Excerpts from a dataset

+++

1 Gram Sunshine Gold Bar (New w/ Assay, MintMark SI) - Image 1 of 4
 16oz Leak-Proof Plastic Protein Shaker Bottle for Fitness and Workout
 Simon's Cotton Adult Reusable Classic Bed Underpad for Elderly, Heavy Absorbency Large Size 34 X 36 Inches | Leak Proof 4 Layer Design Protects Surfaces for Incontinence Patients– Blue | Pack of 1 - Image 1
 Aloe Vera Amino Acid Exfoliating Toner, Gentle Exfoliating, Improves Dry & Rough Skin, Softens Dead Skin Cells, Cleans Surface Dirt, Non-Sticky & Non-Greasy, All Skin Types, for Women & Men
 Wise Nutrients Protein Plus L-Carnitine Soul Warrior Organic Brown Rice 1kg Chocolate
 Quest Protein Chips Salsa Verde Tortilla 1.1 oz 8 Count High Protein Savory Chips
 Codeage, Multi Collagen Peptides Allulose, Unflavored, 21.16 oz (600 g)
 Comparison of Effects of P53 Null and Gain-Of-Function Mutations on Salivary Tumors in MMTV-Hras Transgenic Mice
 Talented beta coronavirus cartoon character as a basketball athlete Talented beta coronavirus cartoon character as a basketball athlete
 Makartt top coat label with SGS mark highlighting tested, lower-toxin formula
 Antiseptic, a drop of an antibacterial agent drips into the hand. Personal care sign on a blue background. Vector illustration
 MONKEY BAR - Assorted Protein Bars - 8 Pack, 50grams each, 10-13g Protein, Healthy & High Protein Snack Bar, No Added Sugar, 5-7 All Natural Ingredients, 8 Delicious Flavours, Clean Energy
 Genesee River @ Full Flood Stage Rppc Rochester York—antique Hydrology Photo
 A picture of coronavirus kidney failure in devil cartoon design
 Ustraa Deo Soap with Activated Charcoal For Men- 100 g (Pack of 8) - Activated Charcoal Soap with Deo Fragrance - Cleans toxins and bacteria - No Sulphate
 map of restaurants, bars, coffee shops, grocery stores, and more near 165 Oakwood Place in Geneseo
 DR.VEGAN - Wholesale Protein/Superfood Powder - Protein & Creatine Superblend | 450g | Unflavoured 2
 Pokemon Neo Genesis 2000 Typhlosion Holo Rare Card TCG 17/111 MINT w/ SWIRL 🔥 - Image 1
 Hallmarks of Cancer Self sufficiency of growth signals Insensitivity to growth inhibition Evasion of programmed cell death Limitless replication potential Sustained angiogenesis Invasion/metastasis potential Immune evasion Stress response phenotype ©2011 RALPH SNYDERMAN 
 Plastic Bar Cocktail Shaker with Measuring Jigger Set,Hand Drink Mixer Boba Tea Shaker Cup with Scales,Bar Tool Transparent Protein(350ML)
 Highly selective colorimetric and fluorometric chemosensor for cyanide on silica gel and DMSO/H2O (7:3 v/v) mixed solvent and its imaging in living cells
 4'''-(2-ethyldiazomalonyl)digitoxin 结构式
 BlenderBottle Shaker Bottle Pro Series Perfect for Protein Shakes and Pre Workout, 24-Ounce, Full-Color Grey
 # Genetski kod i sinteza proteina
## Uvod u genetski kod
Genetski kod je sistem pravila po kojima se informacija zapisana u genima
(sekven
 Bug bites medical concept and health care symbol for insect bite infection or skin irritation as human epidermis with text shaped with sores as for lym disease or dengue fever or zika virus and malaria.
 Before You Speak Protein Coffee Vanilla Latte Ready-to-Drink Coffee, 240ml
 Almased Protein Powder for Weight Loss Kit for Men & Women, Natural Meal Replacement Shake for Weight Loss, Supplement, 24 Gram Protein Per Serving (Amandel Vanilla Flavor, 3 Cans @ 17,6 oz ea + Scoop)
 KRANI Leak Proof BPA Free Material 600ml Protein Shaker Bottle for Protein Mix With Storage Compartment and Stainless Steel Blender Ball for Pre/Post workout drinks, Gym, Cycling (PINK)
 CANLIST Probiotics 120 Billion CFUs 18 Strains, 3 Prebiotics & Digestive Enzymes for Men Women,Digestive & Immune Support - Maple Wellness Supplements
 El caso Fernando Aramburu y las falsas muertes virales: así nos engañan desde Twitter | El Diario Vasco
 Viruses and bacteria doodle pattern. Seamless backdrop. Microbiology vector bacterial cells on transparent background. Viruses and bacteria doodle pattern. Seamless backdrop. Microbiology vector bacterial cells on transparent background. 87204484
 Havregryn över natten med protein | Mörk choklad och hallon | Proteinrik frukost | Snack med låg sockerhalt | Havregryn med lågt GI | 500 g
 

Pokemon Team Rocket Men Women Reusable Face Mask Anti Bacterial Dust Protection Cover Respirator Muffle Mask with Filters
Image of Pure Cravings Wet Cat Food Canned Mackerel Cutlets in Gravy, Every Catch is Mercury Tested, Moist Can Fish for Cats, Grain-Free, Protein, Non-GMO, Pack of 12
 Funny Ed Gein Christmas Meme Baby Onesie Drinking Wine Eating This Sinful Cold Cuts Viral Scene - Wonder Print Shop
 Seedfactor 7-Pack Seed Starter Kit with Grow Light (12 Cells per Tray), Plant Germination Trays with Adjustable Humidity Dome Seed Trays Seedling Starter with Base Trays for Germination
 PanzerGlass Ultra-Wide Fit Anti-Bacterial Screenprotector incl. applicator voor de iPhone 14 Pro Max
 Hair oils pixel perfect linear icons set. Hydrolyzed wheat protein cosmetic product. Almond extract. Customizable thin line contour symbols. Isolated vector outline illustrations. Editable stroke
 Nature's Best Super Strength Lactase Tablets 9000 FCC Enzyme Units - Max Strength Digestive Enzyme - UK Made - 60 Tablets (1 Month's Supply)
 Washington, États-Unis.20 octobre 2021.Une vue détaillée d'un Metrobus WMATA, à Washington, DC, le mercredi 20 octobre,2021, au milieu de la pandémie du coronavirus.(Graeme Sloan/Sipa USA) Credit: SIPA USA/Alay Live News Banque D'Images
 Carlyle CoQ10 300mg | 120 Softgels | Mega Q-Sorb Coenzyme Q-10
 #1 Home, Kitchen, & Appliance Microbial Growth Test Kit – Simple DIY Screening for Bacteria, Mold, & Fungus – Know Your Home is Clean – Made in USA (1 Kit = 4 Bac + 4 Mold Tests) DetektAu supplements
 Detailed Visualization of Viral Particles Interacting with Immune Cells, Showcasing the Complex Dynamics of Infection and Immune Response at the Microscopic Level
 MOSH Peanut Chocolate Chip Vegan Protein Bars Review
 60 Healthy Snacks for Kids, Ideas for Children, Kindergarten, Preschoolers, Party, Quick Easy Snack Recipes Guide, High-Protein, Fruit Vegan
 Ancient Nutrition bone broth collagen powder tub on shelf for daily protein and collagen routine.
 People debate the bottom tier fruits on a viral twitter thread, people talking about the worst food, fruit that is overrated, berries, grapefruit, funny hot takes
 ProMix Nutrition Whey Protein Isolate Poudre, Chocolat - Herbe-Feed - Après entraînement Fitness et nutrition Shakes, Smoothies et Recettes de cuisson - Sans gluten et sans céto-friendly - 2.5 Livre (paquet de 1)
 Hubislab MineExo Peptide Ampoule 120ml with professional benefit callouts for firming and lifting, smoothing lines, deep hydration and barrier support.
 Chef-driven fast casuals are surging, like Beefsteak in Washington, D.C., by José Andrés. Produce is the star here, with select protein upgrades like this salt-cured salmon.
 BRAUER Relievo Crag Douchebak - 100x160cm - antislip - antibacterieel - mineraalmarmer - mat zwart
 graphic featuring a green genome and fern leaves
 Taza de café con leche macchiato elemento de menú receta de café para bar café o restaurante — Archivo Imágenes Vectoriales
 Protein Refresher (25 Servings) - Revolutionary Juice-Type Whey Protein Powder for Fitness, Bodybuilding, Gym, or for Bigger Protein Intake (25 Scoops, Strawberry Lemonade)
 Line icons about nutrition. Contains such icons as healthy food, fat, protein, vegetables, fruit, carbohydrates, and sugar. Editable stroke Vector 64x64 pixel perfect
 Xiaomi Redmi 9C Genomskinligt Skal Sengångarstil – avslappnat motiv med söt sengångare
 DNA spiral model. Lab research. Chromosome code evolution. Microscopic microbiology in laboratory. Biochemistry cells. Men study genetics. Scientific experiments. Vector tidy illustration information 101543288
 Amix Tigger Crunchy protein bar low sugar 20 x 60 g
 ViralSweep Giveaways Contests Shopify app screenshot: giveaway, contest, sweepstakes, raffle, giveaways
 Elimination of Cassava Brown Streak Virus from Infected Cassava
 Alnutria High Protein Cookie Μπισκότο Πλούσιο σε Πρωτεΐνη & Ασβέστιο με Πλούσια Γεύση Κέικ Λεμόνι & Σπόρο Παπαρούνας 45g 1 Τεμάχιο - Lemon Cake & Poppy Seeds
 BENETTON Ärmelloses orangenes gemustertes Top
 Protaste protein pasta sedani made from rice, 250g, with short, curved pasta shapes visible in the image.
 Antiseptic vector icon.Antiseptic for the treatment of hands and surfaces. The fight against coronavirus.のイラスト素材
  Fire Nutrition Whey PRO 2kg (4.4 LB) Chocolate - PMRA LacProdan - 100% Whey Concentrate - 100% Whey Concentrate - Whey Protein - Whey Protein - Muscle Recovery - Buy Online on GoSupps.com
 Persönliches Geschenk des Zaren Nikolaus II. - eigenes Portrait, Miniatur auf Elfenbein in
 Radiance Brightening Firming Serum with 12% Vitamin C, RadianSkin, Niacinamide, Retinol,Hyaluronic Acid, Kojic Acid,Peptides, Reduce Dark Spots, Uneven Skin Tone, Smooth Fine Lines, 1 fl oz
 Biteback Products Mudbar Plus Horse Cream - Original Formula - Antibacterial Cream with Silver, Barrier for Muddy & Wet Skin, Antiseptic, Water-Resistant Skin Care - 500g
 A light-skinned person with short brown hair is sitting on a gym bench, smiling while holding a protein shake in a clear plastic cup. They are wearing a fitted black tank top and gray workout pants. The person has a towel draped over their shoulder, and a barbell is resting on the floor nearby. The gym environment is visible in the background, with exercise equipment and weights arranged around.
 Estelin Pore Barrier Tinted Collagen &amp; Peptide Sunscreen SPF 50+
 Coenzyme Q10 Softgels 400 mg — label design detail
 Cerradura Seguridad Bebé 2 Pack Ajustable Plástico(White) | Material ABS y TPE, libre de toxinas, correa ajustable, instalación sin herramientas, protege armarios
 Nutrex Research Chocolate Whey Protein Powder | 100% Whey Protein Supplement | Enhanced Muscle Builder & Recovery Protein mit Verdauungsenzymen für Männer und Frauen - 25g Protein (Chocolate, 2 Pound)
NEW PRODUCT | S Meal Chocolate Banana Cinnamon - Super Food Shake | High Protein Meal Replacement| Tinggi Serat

+++

Please retype the data exactly as it stands, from its first line down to the line that contains "Makartt top coat", then stop.

Task solution
1 Gram Sunshine Gold Bar (New w/ Assay, MintMark SI) - Image 1 of 4
 16oz Leak-Proof Plastic Protein Shaker Bottle for Fitness and Workout
 Simon's Cotton Adult Reusable Classic Bed Underpad for Elderly, Heavy Absorbency Large Size 34 X 36 Inches | Leak Proof 4 Layer Design Protects Surfaces for Incontinence Patients– Blue | Pack of 1 - Image 1
 Aloe Vera Amino Acid Exfoliating Toner, Gentle Exfoliating, Improves Dry & Rough Skin, Softens Dead Skin Cells, Cleans Surface Dirt, Non-Sticky & Non-Greasy, All Skin Types, for Women & Men
 Wise Nutrients Protein Plus L-Carnitine Soul Warrior Organic Brown Rice 1kg Chocolate
 Quest Protein Chips Salsa Verde Tortilla 1.1 oz 8 Count High Protein Savory Chips
 Codeage, Multi Collagen Peptides Allulose, Unflavored, 21.16 oz (600 g)
 Comparison of Effects of P53 Null and Gain-Of-Function Mutations on Salivary Tumors in MMTV-Hras Transgenic Mice
 Talented beta coronavirus cartoon character as a basketball athlete Talented beta coronavirus cartoon character as a basketball athlete
 Makartt top coat label with SGS mark highlighting tested, lower-toxin formula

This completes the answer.